REQUIREMENT:
From the first line of the entries below through the line bearing "Đại diện Vinamilk", write out each line exactly. Omit pictures.

Brief descriptive captions
■ ■ ■ ■

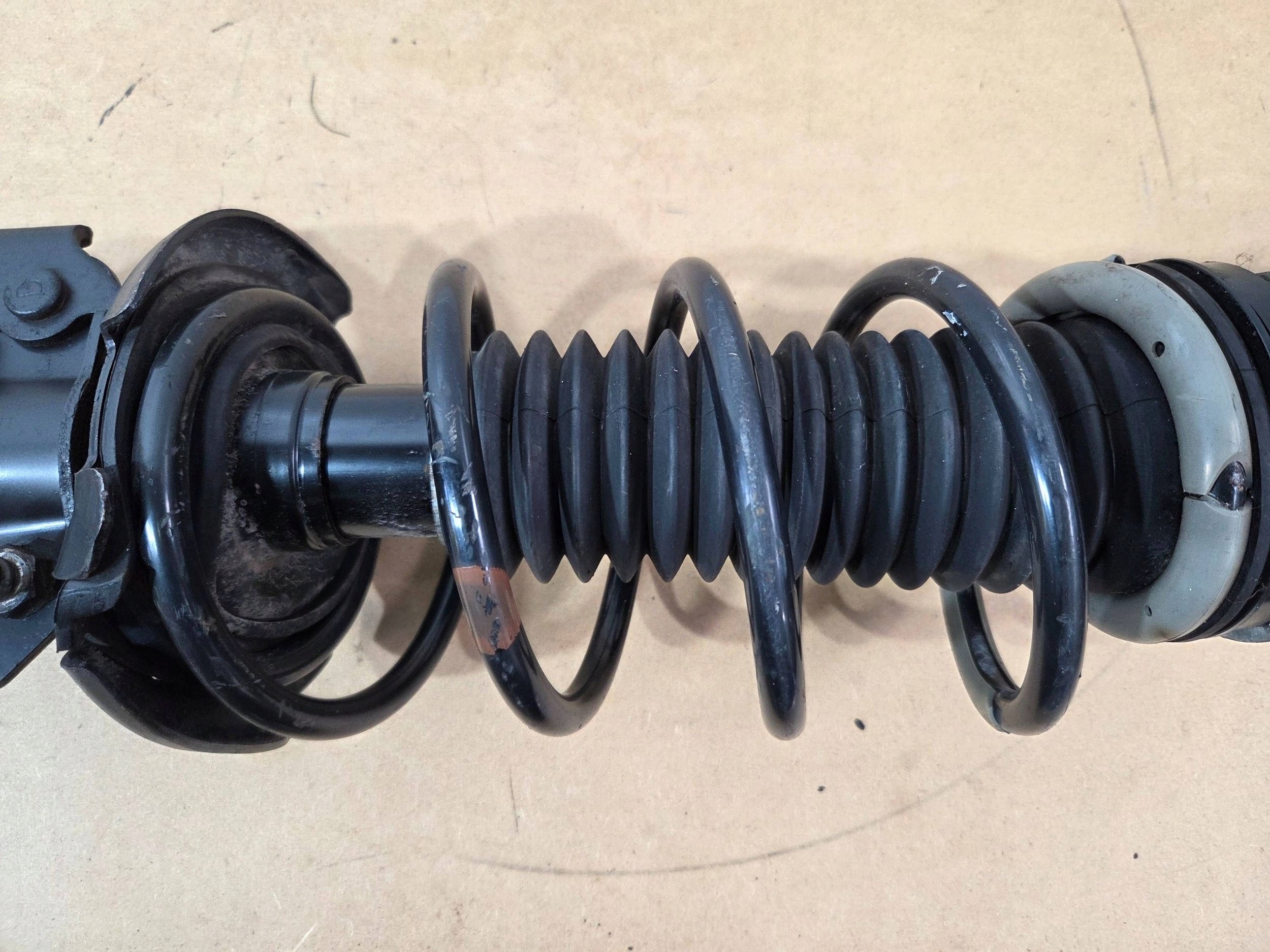Mazda 2 shock absorber front right 2007-2014 (F727)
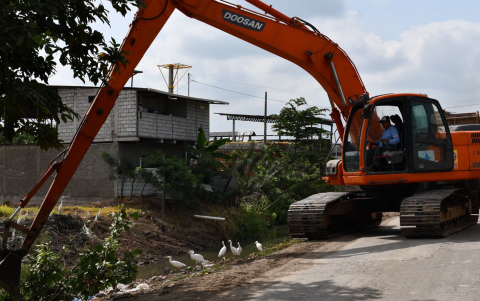 La limpieza de canales es una de las acciones previstas para reducir el riesgo de inundaciones en Machala durante la temporada lluviosa.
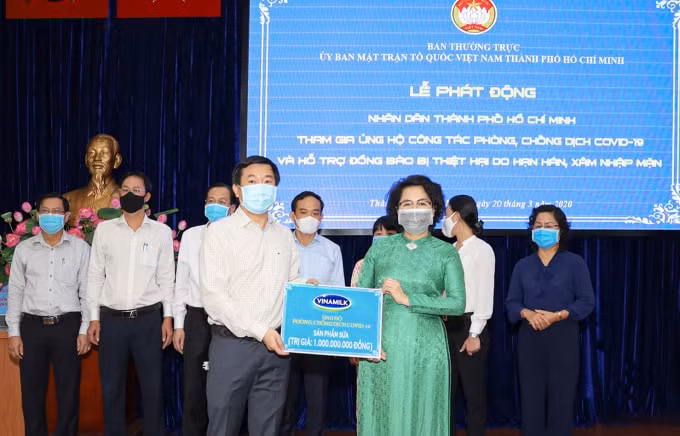 Đại diện Vinamilk trao tặng sản phẩm dinh dưỡng trị giá 1 tỷ đồng để hỗ trợ đội ngũ cán bộ y tế tuyến đầu chống dịch của TP.HCM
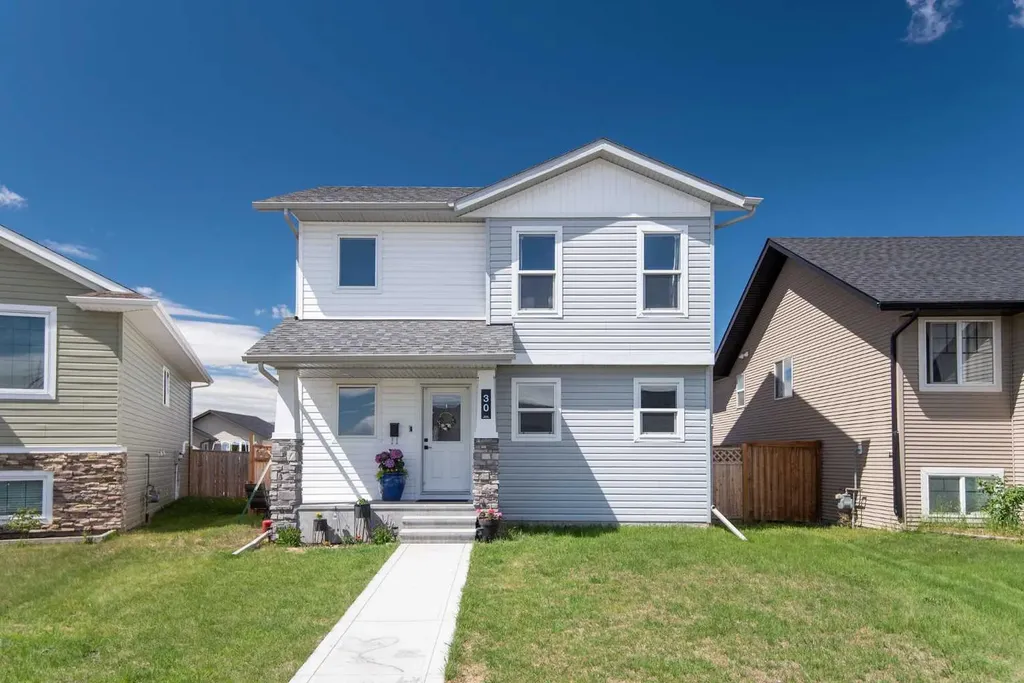 30 Cascade Street Blackfalds AB T4M 0A8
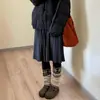 Saia plissada de malha macia e elástica para mulheres, novo estilo outono e inverno 2026, cintura elástica, versátil, linha A que afina, saia plissada com barra larga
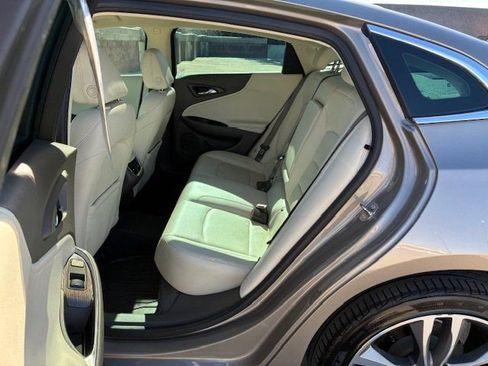 Used 2022 Chevrolet Malibu Premier w/ LPO, Floor Liner Package image 19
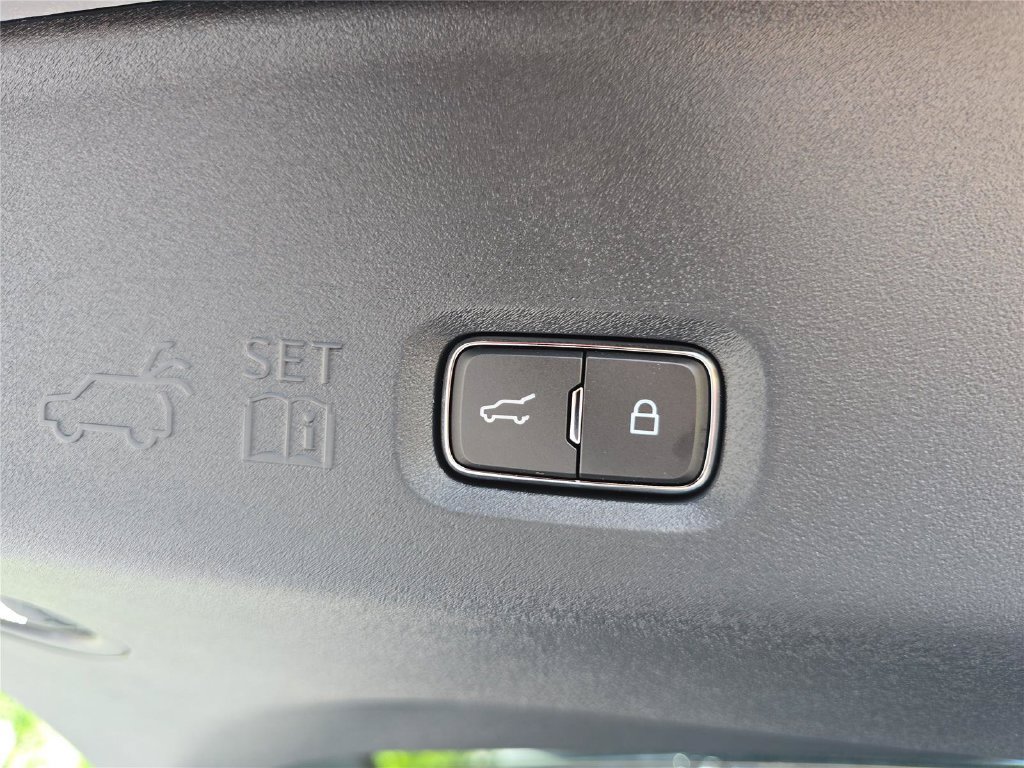 New 2027 Lincoln Navigator Premiere RWD image 26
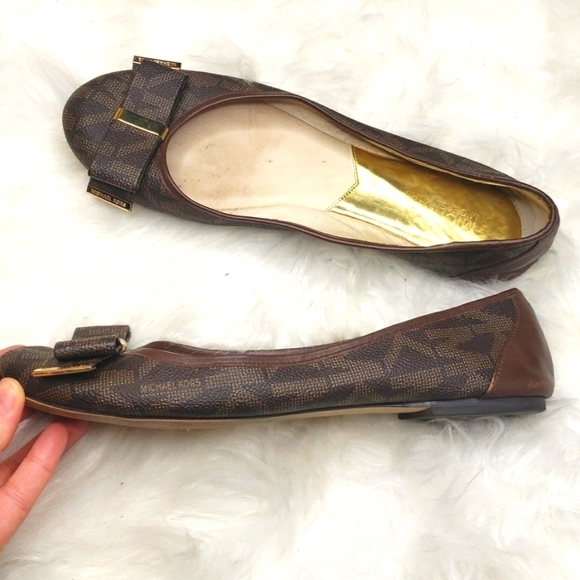 Michael Kors Brown Monogram Logo Bow Flats Size 10 - Picture 1 of 11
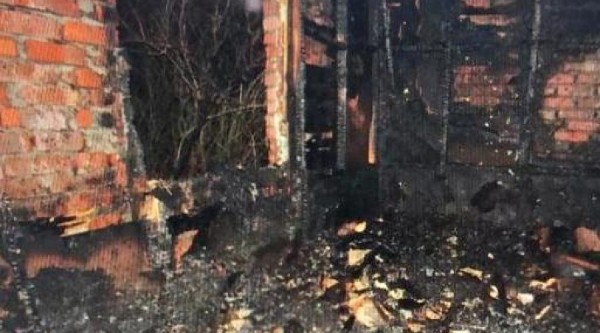 Один человек погиб при пожаре в доме в Тимашевске Один человек погиб при пожаре в доме в Тимашевске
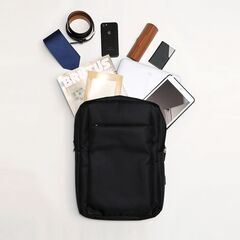 未使用新品 スクエア リュック バックパック 黒 ビジネスリュック PCバック 通勤 通学 2WAY 旅行 軽量 撥水加工 収納袋付き USBポートの画像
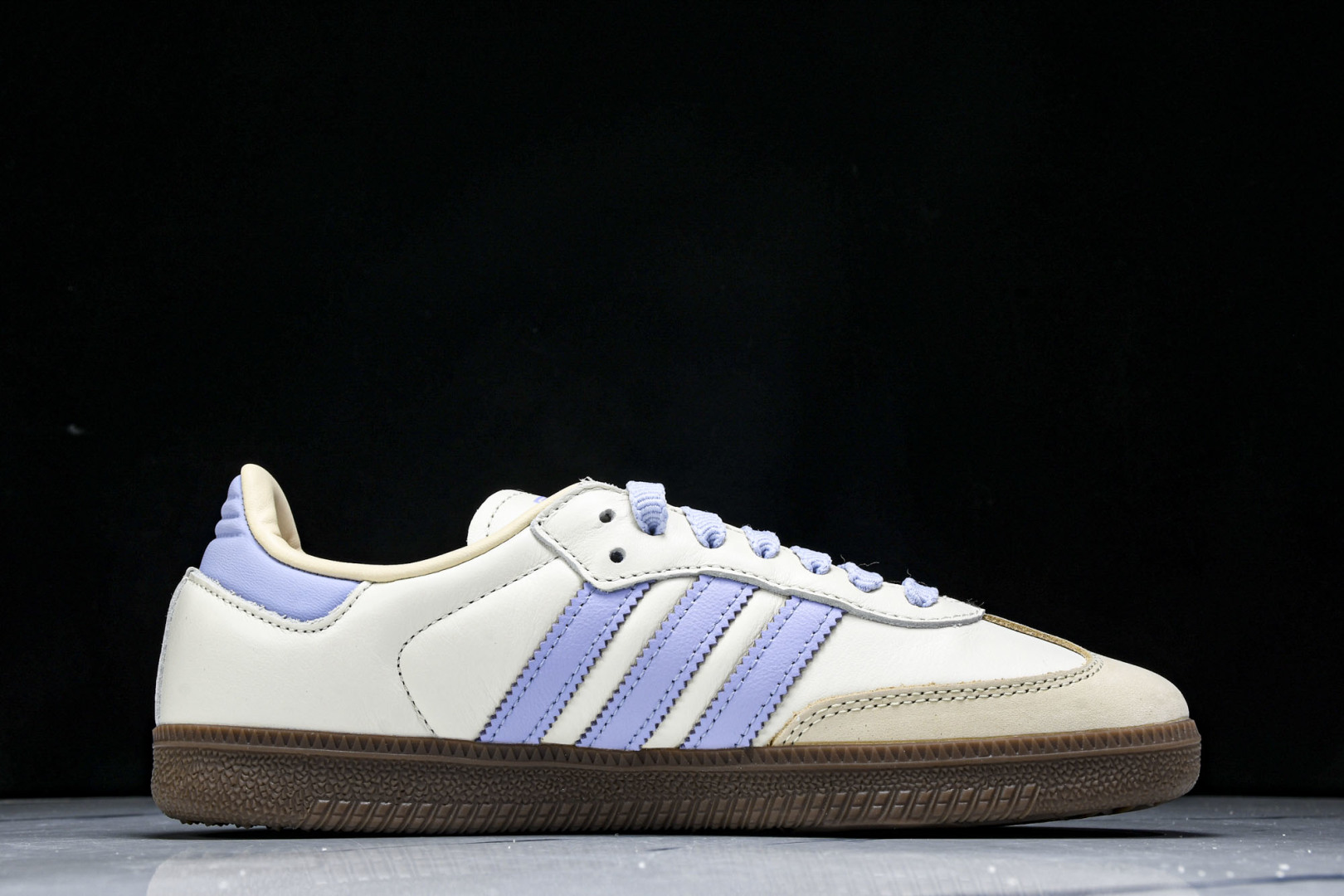  AD Originals 德训 三叶草 SAMBA OG W 女休闲板鞋 JI2678 尺寸 36 3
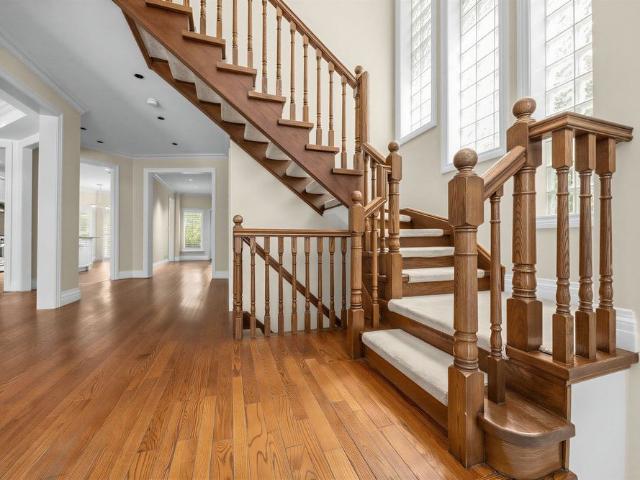 For Lease 505 Cranbrooke Avenue, Toronto, Ontario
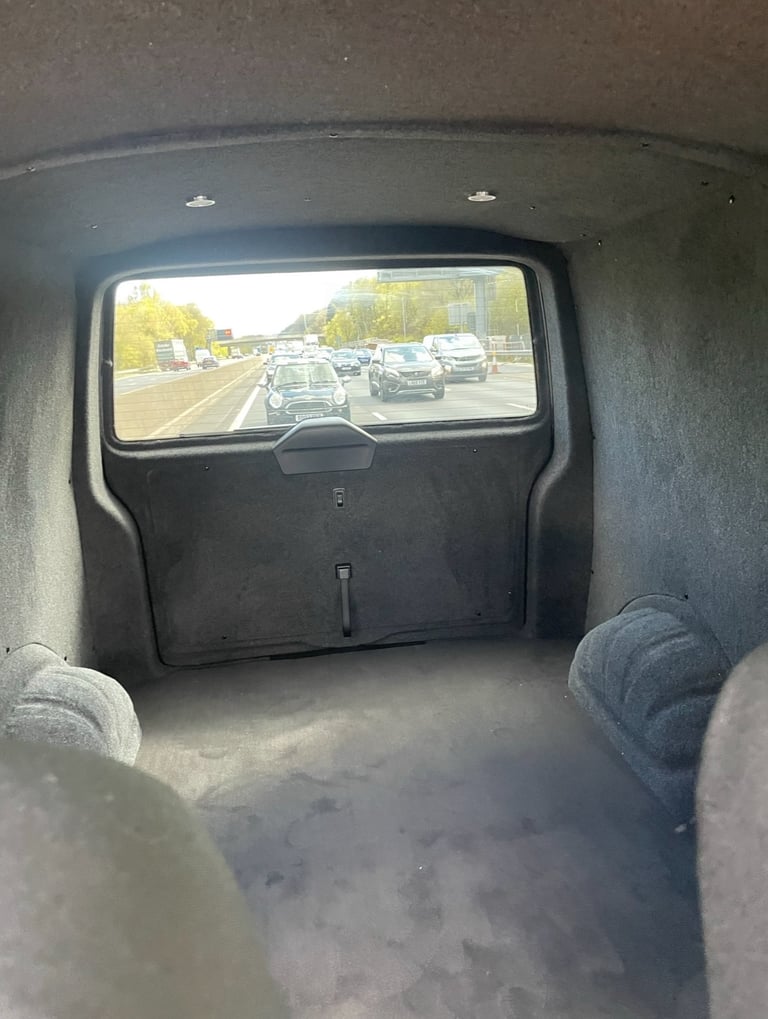 2022 vw transporter 150 6speed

■ ■ ■ ■

TASK OUTPUT:
Mazda 2 shock absorber front right 2007-2014 (F727)
 La limpieza de canales es una de las acciones previstas para reducir el riesgo de inundaciones en Machala durante la temporada lluviosa.
 Đại diện Vinamilk trao tặng sản phẩm dinh dưỡng trị giá 1 tỷ đồng để hỗ trợ đội ngũ cán bộ y tế tuyến đầu chống dịch của TP.HCM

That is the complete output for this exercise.